Хорошо помню, как мы вернулись в Кабул после первого съемочного дня. В гостинице нас ждал Михаил Лещинский, собственный корреспондент Гостелерадио в Афганистане, которому мне в свое время советовали заказать для Молодежной редакции нужные материалы. Он начал спрашивать нас о каких-то, как нам казалось, нелепых вещах – например, привезли ли мы с собой марганцовку и знаем ли, что ею обязательно надо мыть руки, а фрукты держать в ее растворе не меньше суток… Наша группа приехала снимать, как люди в атаку идут, а тут – марганцовка! Но, чтобы выжить в той войне, нужны были знания вот об этих простых вещах: в сапогах невозможно ходить по горам, белые рубашки самоубийственно надевать под прицелом снайперов, а фрукты приходится мыть с марганцовкой.
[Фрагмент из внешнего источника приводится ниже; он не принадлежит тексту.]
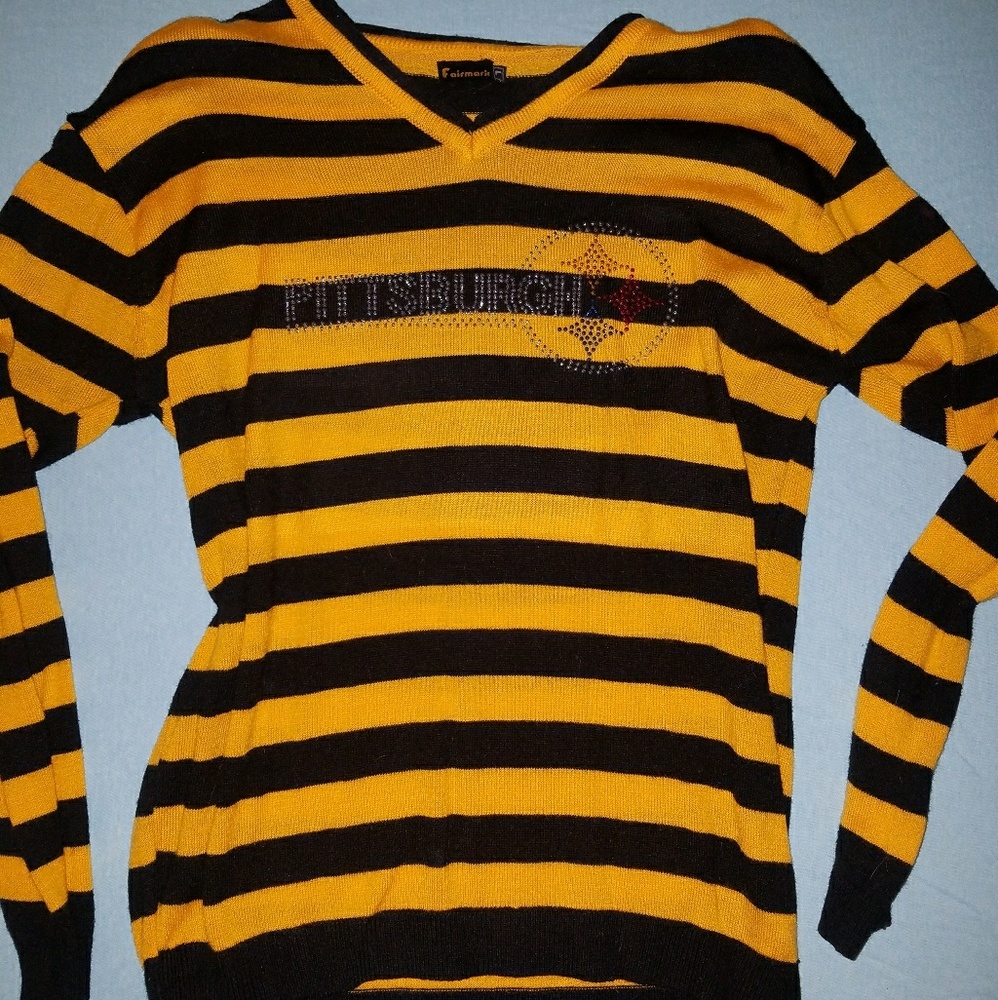 Pittsburgh Steelers Rhinestone Detail Sweater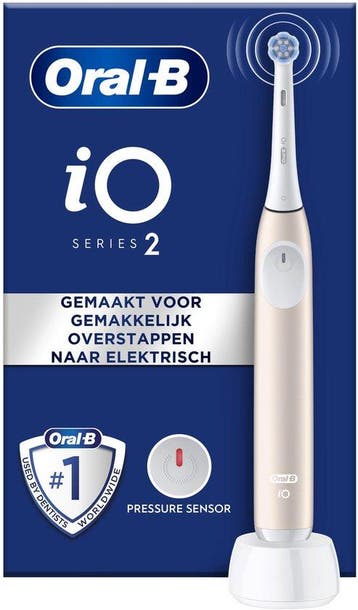 Oral-B iO2 Elektrische Tandenborstel - Calm Pink - 1 stuk, Verzenden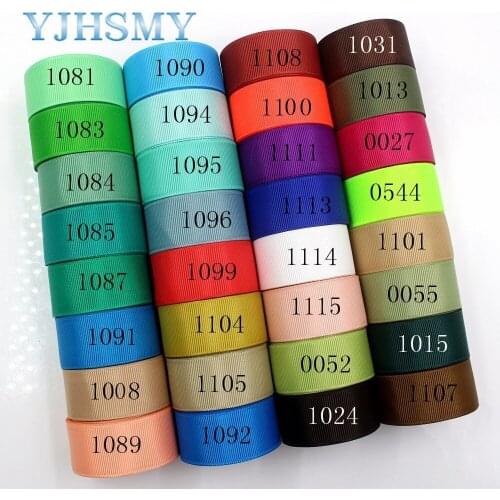 YJHSMY J-181014-4,25mm 10yards Solid Color Printed grosgrain Ribbons,DIY Handmade Hairbows Accessories Wedding Party Decoration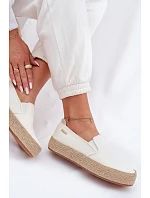 Dámske espadrilky na platforme Big Star TT274090 Ecru Dámske espadrilky na platforme Big Star TT274090 Ecru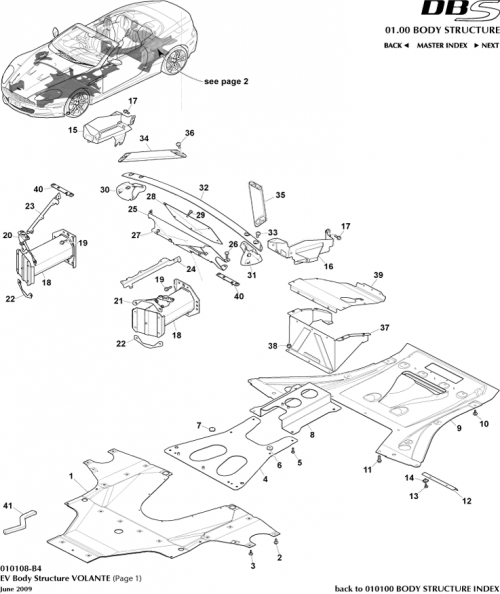 Part Diagram for Aston Martin AD33-L17C857-AB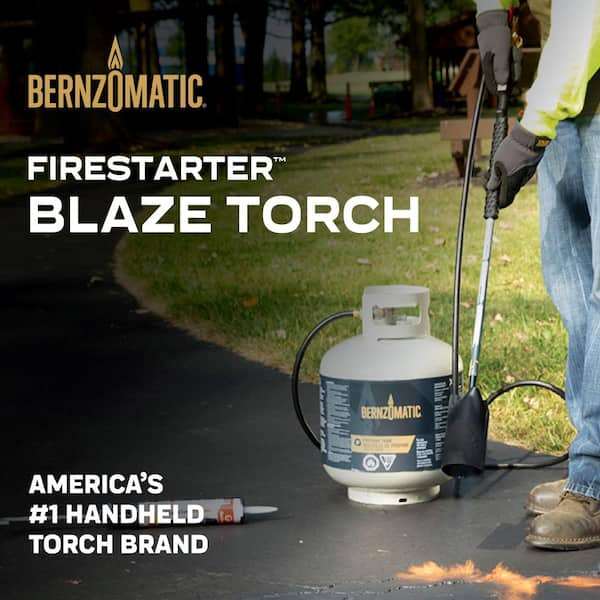 Firestarter Blaze Torch Compatible with 20 lb. Propane Tank with Adjustable Wide Brush Flame and Spark Lighter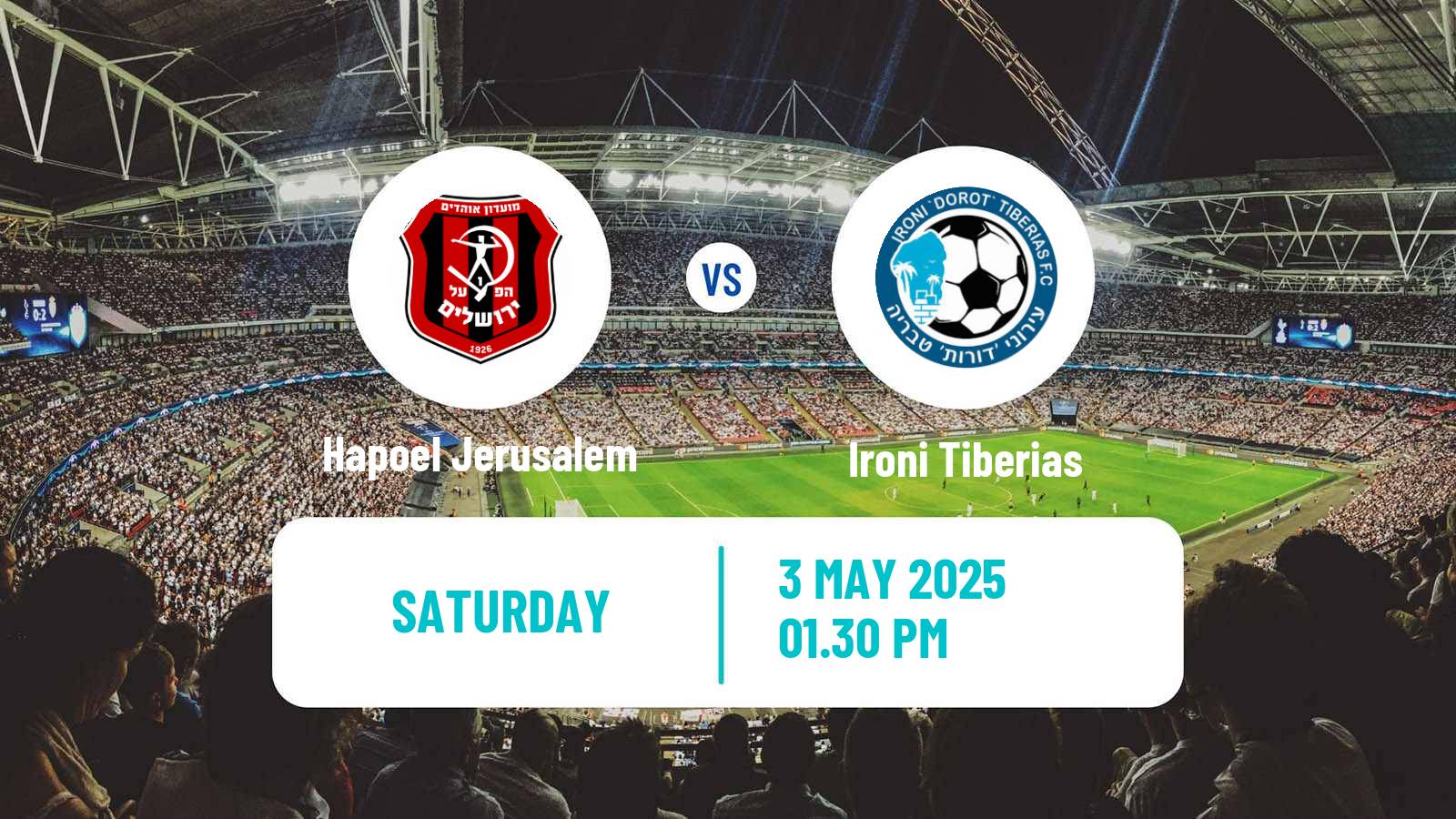 Soccer Israeli Ligat haAl Hapoel Jerusalem - Ironi Tiberias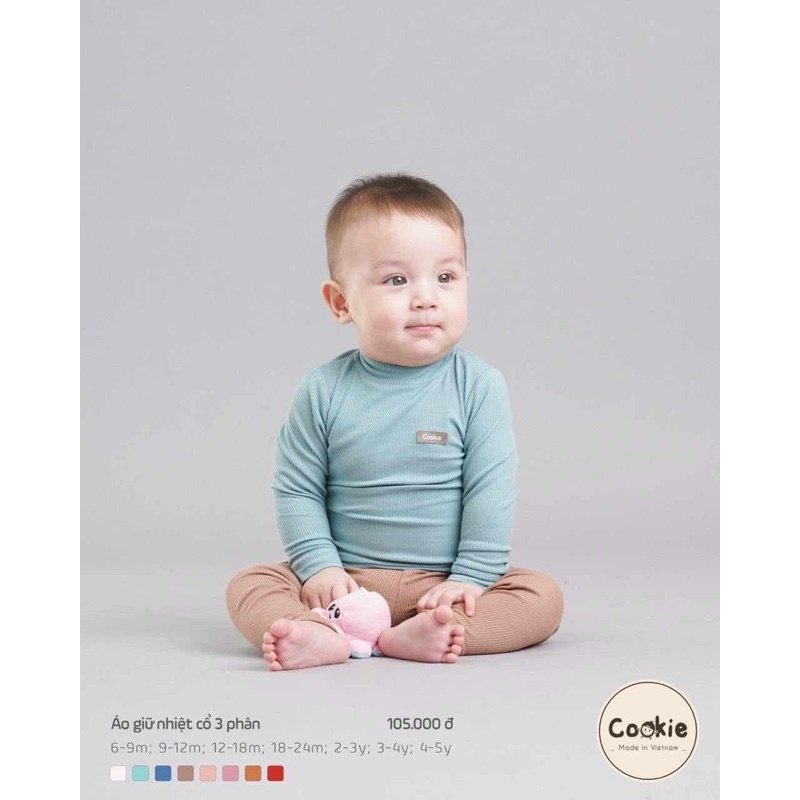 Áo giữ nhiệt cổ 3 phân cookie cho bé trai/bé gái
Тот самый Лещинский, чьи репортажи из Афганистана многим казались чрезмерно пафосными, слишком исполненными эзопового языка, на деле просто хорошо делал свою работу в предлагаемых ему условиях. Выполняя тогдашнюю жесткую установку телевизионного руководства – не говорить о смертях, не показывать на экране горе и трупы, – он умудрялся все же доносить крупицы правды до тех, кто способен их был услышать.
Признаюсь здесь к слову, что в Афганистан я приехал, будучи довольно сильно предубежденным против этого человека. Виной тому были не только его репортажи, казавшиеся мне тогда «слишком гладкими», но и некое профсоюзное собрание в Москве, на котором кто-то из выступавших вскользь упомянул о наших зарубежных корреспондентах, чрезмерно избаловавшихся за границей и требовавших от руководства чуть ли не парчовые занавеси в свои «шикарные виллы». И когда в этом контексте оказалось упомянутым как раз имя Лещинского, естественной реакцией были неприятие и какое-то брезгливое изумление.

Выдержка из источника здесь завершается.